The second and third pieces are symmetric. The retry channel says "I see something got dropped, I'll quietly recover it." The deterministic watchdog says "I see something got dropped, here's a heads-up." Both are safety nets, not the primary path. The primary path will always be the runner sending the notification successfully on the first try.
The Codex watchdog adds another layer of meaning. The deterministic watchdog can only recognize failure modes I've anticipated. The Codex watchdog can recognize the ones I haven't — the ones that need semantic understanding to spot. The cost is that it's expensive, slow, and depends on an external service. So the cadence is six times a day — denser when the morning is busy, sparser in the afternoon and evening.
Catch-up: 4/4 recovered automatically
Once v2.3 was deployed, I didn't rush to send any new notifications. I manually triggered one LaunchAgent wakeup so the retry channel could sweep through the four dead notifications from this morning.
Scan result: all four tasks were flagged as notification_missing; all four had output files, all four had correct timestamps, all four met the retry criteria.
Retry pass. Four Feishu notifications, in chronological order, exactly the way they should have arrived in the first place, came in one by one. returncode 0 across the board.
The line that gave me the most peace of mind: "no agents re-run, no existing outputs overwritten." Retry only resends notifications; it never re-triggers the business work. That constraint was explicit in the design, because some business tasks contain irreversible operations — writing to historical ledgers, appending to audit logs — and re-running them would corrupt state. Catch-up — running the missed pieces after the fact — is strictly bounded to the notification layer. The business layer already finished. You don't touch it.
4/4 recovered automatically. Fix commit is e752a93.
There was a strange feeling in that moment. The incident happened, the incident was detected, the incident was auto-recovered, and the only thing I did manually was trigger one wakeup. Everything else, the system did on its own. It didn't hide the incident, and it didn't amplify the incident into something worse. That was the first time I really felt what a watchdog is worth. It doesn't create new functionality. It just drives the cost of recovery toward zero.
What this taught me
By the end of the postmortem, here's what's worth writing into rules I can remember. The next time I trip over something similar, I want to reach for these immediately.

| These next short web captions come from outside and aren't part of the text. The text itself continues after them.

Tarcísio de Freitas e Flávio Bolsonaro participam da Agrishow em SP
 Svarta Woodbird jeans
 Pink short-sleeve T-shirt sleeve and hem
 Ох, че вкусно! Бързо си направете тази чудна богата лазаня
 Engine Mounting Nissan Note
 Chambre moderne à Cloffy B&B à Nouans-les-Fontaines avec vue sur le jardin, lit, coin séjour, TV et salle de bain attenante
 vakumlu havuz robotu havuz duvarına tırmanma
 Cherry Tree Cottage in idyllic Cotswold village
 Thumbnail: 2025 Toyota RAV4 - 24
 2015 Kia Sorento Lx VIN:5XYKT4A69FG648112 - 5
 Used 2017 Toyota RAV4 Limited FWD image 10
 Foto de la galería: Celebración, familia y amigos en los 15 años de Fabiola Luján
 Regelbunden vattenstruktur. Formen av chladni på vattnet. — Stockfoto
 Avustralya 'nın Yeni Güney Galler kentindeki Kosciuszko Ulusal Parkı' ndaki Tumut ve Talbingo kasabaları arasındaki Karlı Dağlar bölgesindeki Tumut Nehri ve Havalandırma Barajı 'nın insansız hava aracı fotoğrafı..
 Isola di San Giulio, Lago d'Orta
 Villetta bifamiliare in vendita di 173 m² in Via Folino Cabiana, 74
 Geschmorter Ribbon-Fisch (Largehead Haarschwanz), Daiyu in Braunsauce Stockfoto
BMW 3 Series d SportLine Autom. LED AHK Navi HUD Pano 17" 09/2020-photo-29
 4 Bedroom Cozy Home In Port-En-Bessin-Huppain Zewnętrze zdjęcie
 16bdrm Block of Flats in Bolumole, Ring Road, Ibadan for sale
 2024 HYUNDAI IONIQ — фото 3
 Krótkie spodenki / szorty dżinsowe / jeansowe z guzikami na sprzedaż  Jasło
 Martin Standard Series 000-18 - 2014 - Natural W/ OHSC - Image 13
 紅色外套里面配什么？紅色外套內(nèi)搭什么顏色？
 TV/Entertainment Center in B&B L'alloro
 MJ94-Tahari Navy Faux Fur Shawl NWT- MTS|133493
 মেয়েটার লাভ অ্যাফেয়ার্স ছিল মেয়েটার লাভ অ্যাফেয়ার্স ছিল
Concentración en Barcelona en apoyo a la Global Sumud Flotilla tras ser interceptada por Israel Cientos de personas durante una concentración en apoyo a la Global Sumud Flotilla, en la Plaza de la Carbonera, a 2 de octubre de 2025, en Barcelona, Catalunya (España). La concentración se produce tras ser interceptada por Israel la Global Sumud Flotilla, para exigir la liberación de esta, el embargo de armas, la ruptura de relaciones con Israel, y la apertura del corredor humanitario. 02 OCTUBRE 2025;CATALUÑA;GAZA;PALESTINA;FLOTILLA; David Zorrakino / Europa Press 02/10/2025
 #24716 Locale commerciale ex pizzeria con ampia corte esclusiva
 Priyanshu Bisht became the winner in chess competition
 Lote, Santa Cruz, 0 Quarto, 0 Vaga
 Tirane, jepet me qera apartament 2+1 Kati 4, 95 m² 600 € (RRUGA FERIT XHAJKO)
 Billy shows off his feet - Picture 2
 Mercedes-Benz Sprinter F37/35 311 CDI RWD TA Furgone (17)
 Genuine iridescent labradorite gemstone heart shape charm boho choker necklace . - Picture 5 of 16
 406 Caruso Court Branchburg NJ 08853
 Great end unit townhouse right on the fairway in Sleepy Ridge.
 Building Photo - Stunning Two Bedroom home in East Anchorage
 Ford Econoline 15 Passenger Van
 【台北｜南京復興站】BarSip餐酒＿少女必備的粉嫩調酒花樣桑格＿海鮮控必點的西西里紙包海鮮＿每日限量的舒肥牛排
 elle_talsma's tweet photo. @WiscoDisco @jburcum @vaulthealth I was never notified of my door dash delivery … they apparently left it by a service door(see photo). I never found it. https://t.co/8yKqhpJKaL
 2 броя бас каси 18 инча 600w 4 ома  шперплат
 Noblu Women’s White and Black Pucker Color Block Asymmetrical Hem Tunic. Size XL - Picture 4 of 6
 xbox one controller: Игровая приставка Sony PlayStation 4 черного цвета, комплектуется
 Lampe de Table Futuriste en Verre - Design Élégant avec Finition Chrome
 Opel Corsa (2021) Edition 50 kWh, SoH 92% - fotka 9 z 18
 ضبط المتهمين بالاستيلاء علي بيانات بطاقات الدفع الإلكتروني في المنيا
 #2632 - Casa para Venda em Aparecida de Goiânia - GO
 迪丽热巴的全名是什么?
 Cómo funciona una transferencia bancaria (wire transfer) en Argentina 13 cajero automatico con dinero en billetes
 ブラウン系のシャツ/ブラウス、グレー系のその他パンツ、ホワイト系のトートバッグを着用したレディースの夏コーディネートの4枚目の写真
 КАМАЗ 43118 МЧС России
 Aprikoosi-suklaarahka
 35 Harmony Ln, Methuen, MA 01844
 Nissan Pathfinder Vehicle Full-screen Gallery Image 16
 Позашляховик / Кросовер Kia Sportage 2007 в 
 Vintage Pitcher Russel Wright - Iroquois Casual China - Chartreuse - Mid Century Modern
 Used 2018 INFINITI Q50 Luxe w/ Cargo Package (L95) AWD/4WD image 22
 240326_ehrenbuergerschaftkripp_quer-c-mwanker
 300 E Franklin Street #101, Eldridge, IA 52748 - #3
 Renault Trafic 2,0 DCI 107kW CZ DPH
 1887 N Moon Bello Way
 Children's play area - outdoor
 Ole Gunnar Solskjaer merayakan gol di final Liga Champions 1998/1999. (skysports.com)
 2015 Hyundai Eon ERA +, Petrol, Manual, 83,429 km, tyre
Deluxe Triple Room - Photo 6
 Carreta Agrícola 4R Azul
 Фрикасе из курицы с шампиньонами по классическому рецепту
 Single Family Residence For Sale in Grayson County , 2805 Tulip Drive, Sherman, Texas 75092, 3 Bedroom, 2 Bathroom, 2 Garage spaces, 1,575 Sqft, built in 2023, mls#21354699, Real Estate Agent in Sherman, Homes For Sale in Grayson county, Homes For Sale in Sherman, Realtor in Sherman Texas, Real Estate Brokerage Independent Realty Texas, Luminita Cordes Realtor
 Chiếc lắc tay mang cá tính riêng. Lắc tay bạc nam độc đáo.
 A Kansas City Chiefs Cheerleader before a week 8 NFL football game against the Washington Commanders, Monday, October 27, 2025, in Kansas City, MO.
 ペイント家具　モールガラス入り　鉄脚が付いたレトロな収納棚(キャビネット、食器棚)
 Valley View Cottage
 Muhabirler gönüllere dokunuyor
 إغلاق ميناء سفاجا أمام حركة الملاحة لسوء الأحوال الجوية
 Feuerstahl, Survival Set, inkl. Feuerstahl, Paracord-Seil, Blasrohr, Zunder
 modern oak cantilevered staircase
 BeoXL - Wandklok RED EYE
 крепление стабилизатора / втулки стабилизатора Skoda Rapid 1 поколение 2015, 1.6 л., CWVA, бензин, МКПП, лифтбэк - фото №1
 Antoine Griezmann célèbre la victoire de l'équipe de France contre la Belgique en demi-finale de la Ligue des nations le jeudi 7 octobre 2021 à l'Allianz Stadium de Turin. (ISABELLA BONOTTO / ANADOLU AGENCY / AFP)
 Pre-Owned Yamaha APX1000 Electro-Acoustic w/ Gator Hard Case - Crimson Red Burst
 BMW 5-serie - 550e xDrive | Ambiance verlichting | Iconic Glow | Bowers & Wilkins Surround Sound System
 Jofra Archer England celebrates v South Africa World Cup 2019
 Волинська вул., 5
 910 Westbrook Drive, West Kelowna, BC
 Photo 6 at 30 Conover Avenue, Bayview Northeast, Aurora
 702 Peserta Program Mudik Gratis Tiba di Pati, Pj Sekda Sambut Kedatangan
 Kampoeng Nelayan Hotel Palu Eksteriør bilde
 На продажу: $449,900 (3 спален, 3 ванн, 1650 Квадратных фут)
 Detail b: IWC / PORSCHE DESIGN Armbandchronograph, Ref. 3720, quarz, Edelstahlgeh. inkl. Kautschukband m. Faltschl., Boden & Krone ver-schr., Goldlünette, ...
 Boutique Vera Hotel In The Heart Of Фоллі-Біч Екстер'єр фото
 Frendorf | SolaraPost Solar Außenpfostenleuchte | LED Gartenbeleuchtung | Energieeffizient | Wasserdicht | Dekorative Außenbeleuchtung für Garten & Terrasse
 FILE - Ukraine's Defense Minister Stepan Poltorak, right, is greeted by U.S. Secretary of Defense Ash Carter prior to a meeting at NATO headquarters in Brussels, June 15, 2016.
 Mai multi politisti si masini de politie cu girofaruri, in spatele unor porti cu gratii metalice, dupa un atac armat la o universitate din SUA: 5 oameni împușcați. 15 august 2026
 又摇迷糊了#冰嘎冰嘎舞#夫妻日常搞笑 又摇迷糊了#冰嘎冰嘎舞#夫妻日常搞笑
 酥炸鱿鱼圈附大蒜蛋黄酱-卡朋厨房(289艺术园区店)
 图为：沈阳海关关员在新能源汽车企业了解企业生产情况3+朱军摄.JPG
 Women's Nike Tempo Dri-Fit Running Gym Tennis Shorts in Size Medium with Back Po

- A LaunchAgent's PATH is not "the same as your terminal." This is an old trap, but every time I install a new LaunchAgent I still default to assuming the environment is identical. Next time, the first thing I do is write PATH out explicitly — either in the plist, or as the first thing the runner does on import. Don't assume "it should be fine."
- "Business succeeded" and "delivery completed" are two different things. A task's output landing on disk is just an intermediate state. Real delivery is "user got the notification AND user can find the output." Any link in that chain breaking counts as a delivery failure, no matter how clean the output looks. Next time I design a scheduler, "delivery" is the final gate, and it's stricter than "task executed successfully."
- Root cause fixes and safety-net layers should be built separately, but shipped together. The root cause fix is the PATH change — it prevents today's incident. The safety net is retry plus watchdog — it covers all future incidents of similar shape. They don't substitute for each other. Fix only the root cause, and the next new shape of half-hung incident still drags me out of bed. Add only the safety net, and today's incident triggers an alert on every single wakeup until the noise drowns out the signal.
- A watchdog is insurance that drives the cost of recovery toward zero. Its value isn't visible when no incident is happening — that's when it looks like waste. Its value is in the exact moment an incident hits, when it turns "I wake up and spend two hours debugging" into "the system handled it and sent me a summary." The cost of buying that insurance is the time to write the code. The cost of not buying it is some two-hour window in a future morning.
So how is v2.3 actually doing now
v2.3 has been live for a few days. Incident density after Day 1 has actually been higher than I expected — not because the PATH issue came back, but because other shapes of half-hung incidents started showing up. The runner's retry channel caught most of them. The deterministic watchdog has fired a few alerts, and each time I was able to decide within five minutes whether to intervene. The Codex watchdog checkpoint produced a pile of markdown, giving me a daily panoramic view of what the system roughly did.
But there are still loose ends.
The deduplication granularity in the deterministic watchdog is still being tuned. Sometimes the same task gets flagged twice as different missed events, so two nearly identical alerts show up in Feishu. Not fatal, but it pollutes the signal. The ideal is "one alert per incident, unless state has actually changed."
The Codex watchdog checkpoint cadence (six per day) is currently fixed, but realistically mornings are dense and afternoons are sparse. The next step is to make it adapt to "incident density" — run more often when incidents are recent, less often when things are quiet. To do that I first need a definition of "incident density." Don't have one yet.
The biggest open piece is this: v2.3 fixed the notification channel of the trial-layer scheduler. But each of the six agents has its own "business notification" channel, and over the following days a whole different pile of problems showed up there — which bot sends business messages, whose identity does it speak as, how is the message formatted, who should receive it, who shouldn't. That's a different story. Worth a separate post.
Day 1's dawn incident pulled "add a watchdog" from week two of my plan all the way up to the afternoon of day one. That was trial's first gift to me — it didn't make me wait a week to find the problem.
Trial isn't about proving the system works. It's about exposing the system's fragile spots in a low-cost environment. Every spot that surfaces, I fix. Every fix, the watchdog grows a little. Day 1 grew the PATH fix and the retry channel. The following days grew other things. Every day's watchdog is a little smarter than the day before.
Incidents are normal. The watchdog is still growing. I no longer expect "install once and it stays stable." What I expect is "every incident makes the system a little better at saving itself next time." Until then, I'm still working on it.